▶ _Task requirements_
Working from the listing below, set down every line exactly.
::: Information supplied :::
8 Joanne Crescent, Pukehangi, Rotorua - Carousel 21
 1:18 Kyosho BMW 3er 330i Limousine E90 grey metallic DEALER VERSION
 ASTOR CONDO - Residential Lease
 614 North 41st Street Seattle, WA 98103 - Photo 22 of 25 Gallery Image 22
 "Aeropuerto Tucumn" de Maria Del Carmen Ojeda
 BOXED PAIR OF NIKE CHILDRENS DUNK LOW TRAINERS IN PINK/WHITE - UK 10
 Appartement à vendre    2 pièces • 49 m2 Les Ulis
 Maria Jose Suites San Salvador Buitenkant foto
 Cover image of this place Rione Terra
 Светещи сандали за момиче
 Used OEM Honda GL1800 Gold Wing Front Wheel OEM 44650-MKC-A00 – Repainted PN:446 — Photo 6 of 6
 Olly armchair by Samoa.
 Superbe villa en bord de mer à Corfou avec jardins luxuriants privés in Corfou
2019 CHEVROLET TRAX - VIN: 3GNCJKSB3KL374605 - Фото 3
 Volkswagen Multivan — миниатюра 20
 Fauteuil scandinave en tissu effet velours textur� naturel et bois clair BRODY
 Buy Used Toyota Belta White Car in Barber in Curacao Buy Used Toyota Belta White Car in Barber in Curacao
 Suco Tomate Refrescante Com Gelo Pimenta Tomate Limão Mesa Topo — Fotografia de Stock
:::
▶ _Task response_
8 Joanne Crescent, Pukehangi, Rotorua - Carousel 21
 1:18 Kyosho BMW 3er 330i Limousine E90 grey metallic DEALER VERSION
 ASTOR CONDO - Residential Lease
 614 North 41st Street Seattle, WA 98103 - Photo 22 of 25 Gallery Image 22
 "Aeropuerto Tucumn" de Maria Del Carmen Ojeda
 BOXED PAIR OF NIKE CHILDRENS DUNK LOW TRAINERS IN PINK/WHITE - UK 10
 Appartement à vendre    2 pièces • 49 m2 Les Ulis
 Maria Jose Suites San Salvador Buitenkant foto
 Cover image of this place Rione Terra
 Светещи сандали за момиче
 Used OEM Honda GL1800 Gold Wing Front Wheel OEM 44650-MKC-A00 – Repainted PN:446 — Photo 6 of 6
 Olly armchair by Samoa.
 Superbe villa en bord de mer à Corfou avec jardins luxuriants privés in Corfou
2019 CHEVROLET TRAX - VIN: 3GNCJKSB3KL374605 - Фото 3
 Volkswagen Multivan — миниатюра 20
 Fauteuil scandinave en tissu effet velours textur� naturel et bois clair BRODY
 Buy Used Toyota Belta White Car in Barber in Curacao Buy Used Toyota Belta White Car in Barber in Curacao
 Suco Tomate Refrescante Com Gelo Pimenta Tomate Limão Mesa Topo — Fotografia de Stock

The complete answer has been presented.